IntLengthToString: 4205ms
IntLengthLog10: 1122ms
IntLengthIf: 201ms

Answer 2

If input is in range 0-10000

if (i < 10) return 1;
if (i < 100) return 2;
if (i < 1000) return 3;
if (i < 10000) return 4;
// etc

Answer 3

You could use something like this:

        int integer = 100;

        int charachtersCount = 0;
        while (integer > 0)
        {
            integer = integer/10;
            charachtersCount++;
        }

But do you really need to optimize this?
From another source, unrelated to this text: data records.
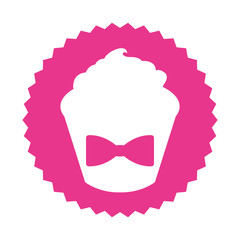 delicious cupcake sweet isolated icon vector illustration design
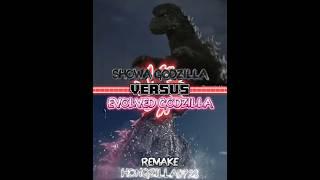 Evolved Godzilla (GXK) Vs Showa Godzilla (1975)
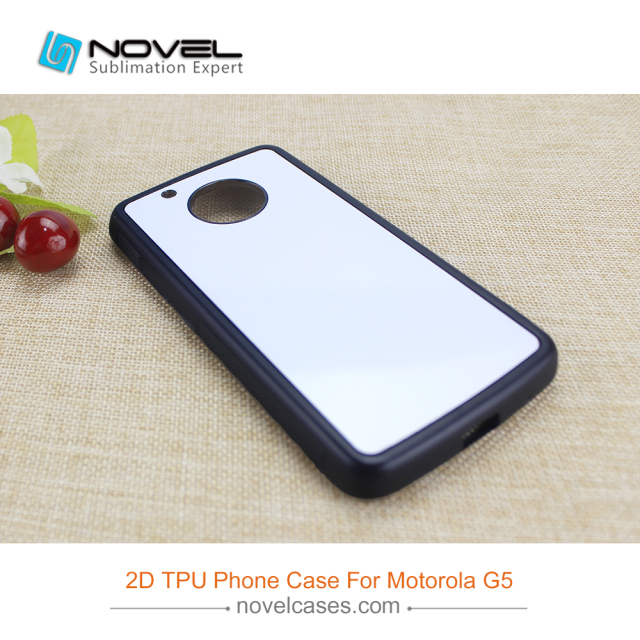 Rubber 2D Sublimation Blank Cell Phone Case For Moto-Rola G5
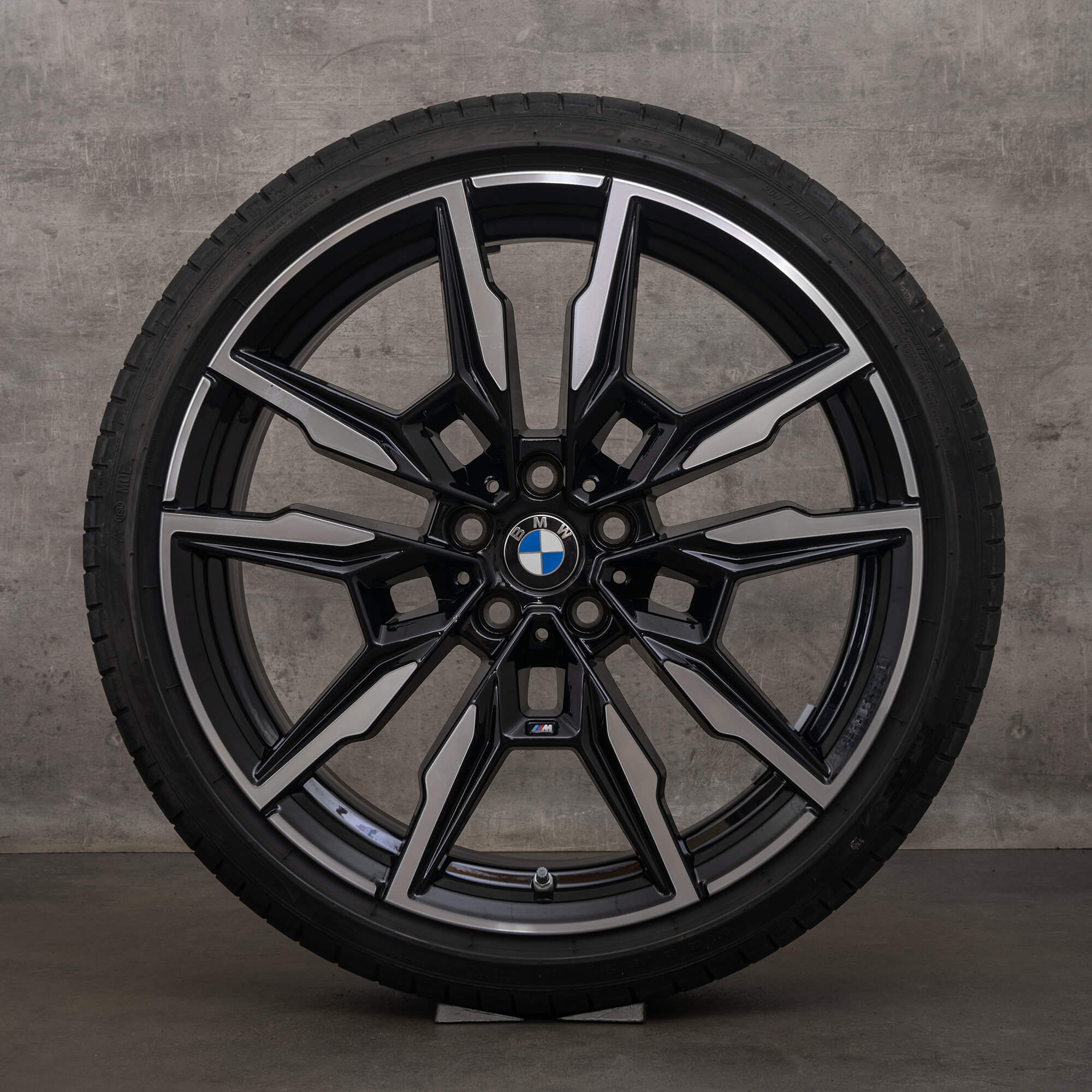 Original BMW 8er Felgen 20 Zoll G14 G15 G16 Sommerräder Styling 895 M 5A07086 5A07087 schwarz glanzgedreht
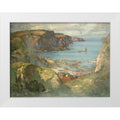 32x25 White Modern Wood Framed Art Print M653
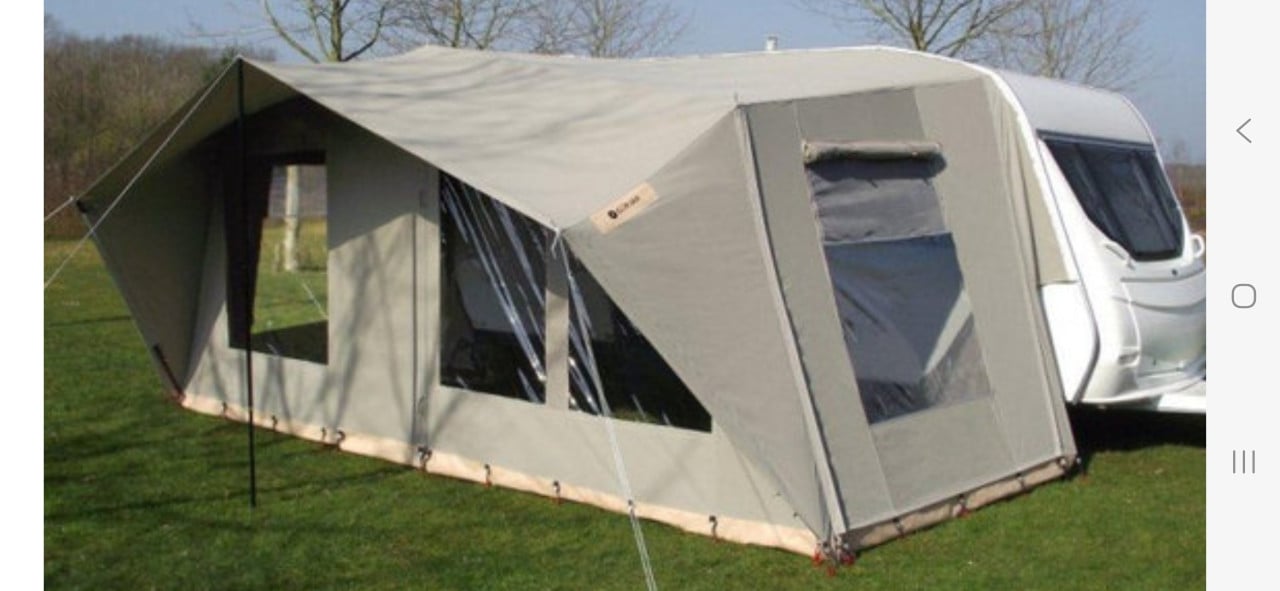 Splinternieuwe Gerjak B&B design 925 voortent met frame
I would actually prefer using string (looks much better):

integer.ToString().Length

Answer 4

If you need to deal with negative numbers also, you can take stmax solution with a spin:

public static int IntLength(int i) { 
  if (i == 0) return 1; // no log10(0)
  int n = (i < 0) ? 2 : 1;
  i = (i < 0) ? -i : i;

  return (int)Math.Floor(Math.Log10(i)) + n; 
} 

Answer 5

You can do:

int ndig = 1;
if (n < 0){n = -n; ndig++;}
if (n >= 100000000){n /= 100000000; ndig += 8;}
if (n >=     10000){n /=     10000; ndig += 4;}
if (n >=       100){n /=       100; ndig += 2;}
if (n >=        10){n /=        10; ndig += 1;}

or something along those lines. It takes 4 comparisons and 0-4 divisions.

(On 64 bits you have to add a fifth level.)